David Grossman – Libri
Sto solo quasi bene, ed è un piacere di seconda mano.
Sto solo quasi bene, ed è un piacere di seconda mano.
Penso che se venissi rapito, o sparissi senza lasciare tracce, e un investigatore tentasse di ricostruire la mia personalità solo in base alle testimonianze di chi mi circonda, non approderebbe a nulla. Ecco, anche questo ho imparato da te: vivo soprattutto in quello che non ho.
E con quello sguardo mi chiedi ancora: chi sei? Non so, vorrei essere chiunque il tuo sguardo vede in me. Sì, se solo non avrai paura di vedere – forse sarò.
Ci siamo toccati ancora, guardandoci negli occhi. Uno sguardo diretto e tranquillo, molto semplice, tenendo conto dell’imbarazzo che di solito si crea in situazioni simili. Semplice come il bacio che si dà a un bambino quando viene a mostrarti una ferita. Il cuore si spezza al pensiero che si possa guardare così un adulto. […] Vorremmo staccarci ma non ne siamo capaci, e negli occhi di entrambi si aprono altri schermi in profondità. Penso a come un attimo simile ricordi il momento della tragedia, dopo la quale niente sarà più come prima. E noi, debolissimi, ci aggrappiamo l’una all’altro per non cadere e vediamo, con strana e triste lucidità, la nostra storia. […] Dal momento in cui ho cominciato a scriverti le parole sono sgorgate da un punto assolutamente nuovo, come se un seme fosse stato tenuto in serbo solo per un’amata particolare.

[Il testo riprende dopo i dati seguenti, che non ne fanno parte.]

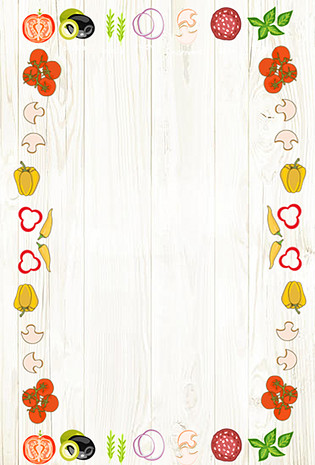 美食海报psd背景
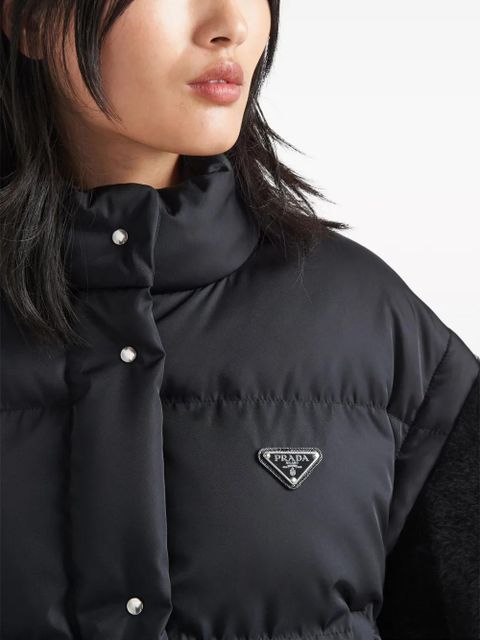 Prada Re-Nylon down jacket - Black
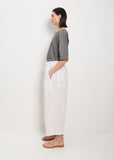 Uba Cotton Worker Pant — Stone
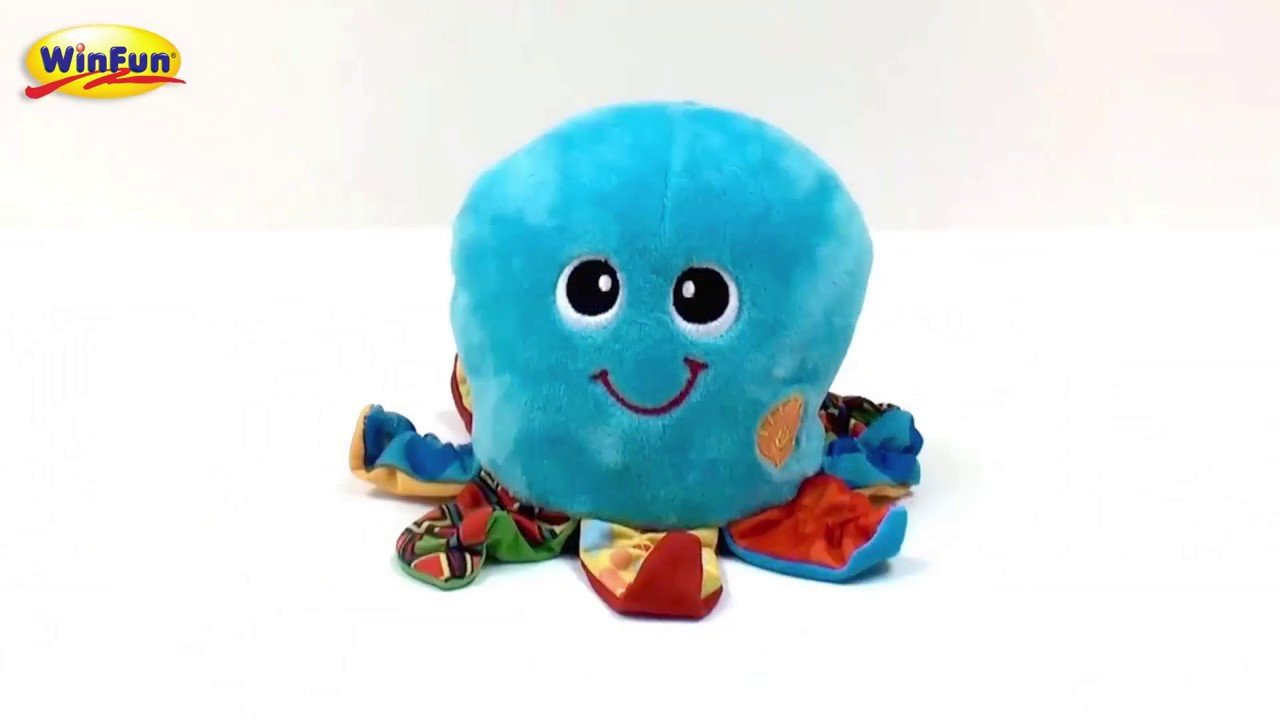 winfun 0142 Shake 'N Dance Pals Octopus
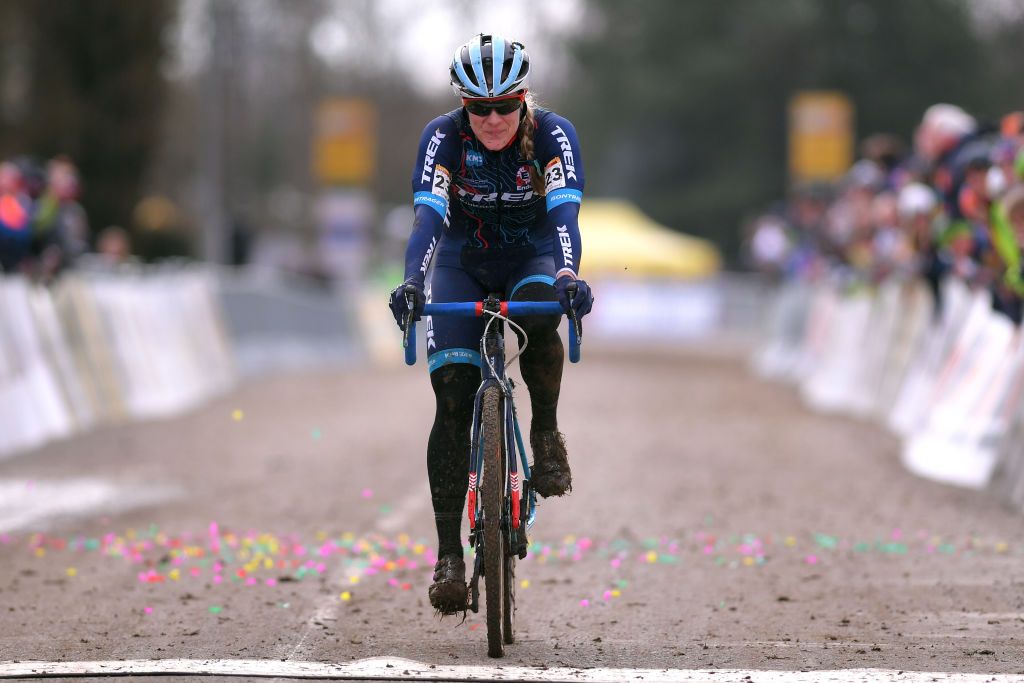 Katie Compton third in Nommay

Cosa augurarti? A dire il vero, dovrei augurarti te stessa, perché tu sei il regalo più prezioso, più raro a cui possa pensare. Vorrei essere più coraggioso, per te.
Ma non ho mai incontrato una persona alla quale abbia desiderato affidare la mia anima. Ci sono dei geni a cui vengono date le tessere di un puzzle con l’immagine di un pappagallo e loro ne ricavano un pesce. Io ti ho consegnato un parassita e tu hai ricomposto un uomo. Usando gli stessi pezzi ma migliorandone il risultato.

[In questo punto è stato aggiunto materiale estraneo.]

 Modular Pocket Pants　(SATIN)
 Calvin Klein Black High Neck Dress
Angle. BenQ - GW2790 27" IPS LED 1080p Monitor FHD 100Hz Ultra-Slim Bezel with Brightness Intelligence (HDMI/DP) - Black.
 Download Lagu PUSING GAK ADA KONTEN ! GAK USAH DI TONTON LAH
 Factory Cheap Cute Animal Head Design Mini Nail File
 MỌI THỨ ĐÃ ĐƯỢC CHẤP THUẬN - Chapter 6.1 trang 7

Come se tu mi avessi teso una mano, facendomi superare il confine oltre il quale si trova la luce.
E com’è possibile che chi ha osato esprimere un desiderio così grande alla vita provi anche tanta paura nei suoi confronti?
Sono solo parole, dopotutto, e io sto qui a elemosinarle, come un mendicante.

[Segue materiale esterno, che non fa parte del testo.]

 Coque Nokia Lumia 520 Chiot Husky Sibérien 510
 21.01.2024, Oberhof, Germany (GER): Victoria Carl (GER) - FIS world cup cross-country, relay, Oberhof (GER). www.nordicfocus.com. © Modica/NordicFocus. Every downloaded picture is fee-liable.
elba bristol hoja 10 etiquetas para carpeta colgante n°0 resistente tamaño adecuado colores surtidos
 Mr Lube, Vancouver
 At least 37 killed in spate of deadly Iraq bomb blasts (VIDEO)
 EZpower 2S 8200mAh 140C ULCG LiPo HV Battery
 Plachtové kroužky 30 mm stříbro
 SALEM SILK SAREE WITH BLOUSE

Perché non ho dubbi che, se ci fossimo incontrati di persona, non saremmo riusciti a conoscerci nel modo in cui ci conosciamo. Io mi sarei subito sentito obbligato a sedurti, a scoprirti in quel mio modo rozzo, come se tu fossi merce in vendita. Pensa cosa ci saremmo persi, quante cose non avremmo mai saputo.
Tu devi, devi credermi. Io mi rivelo solo al secondo sguardo, o al terzo, mai a quello che effettivamente mi osserva.
Ma con te non mi comporto in modo logico: solo in modo follemente logico. E non voglio nemmeno aspettare, perché il tempo con te è diverso. È circolare, e ogni momento si trova esattamente alla stessa distanza dal centro.
Sto parlando di cose che non hanno nome, cose che nel corso della vita si accumulano sul fondo dell’anima, sedimenti e strati di terriccio. Se mi chiedessi di descriverteli, non saprei da che parte cominciare, non avrei le parole adatte. Solo una stretta al cuore, un’ombra passeggera, un sospiro.
Ti scrivo soltanto e ne ho già nostalgia.
Ciononostante, a volte, ripeto ad alta voce una tua frase, o solo una sequenza di parole, e sento sfilacciarsi una cucitura interna, l’imbastitura dell’anima. Scrivi, ogni giorno sprecato è un delitto.
Quando sono con altra gente (mi è venuto in mente stasera, mentre facevo il bagno a mio figlio) – non importa se estranei o molto vicini – c’è un pensiero che non mi abbandona: sanno tutti fare con naturalezza ciò di cui io mi sento assolutamente incapace: mettere radici.
È stupido cercare di spiegare (e tuttavia non riesco a smettere), ma è sempre così per me. In qualche punto, molto vicino, si accumula qualcosa – o qualcuno – che implora di esplodere, soffocherà non trovando uno sfogo e, anche se non mi è assolutamente chiaro cosa – o chi – sia, capisco perfettamente il suo bisogno di erompere, sento chiaramente il suo grido soffocato.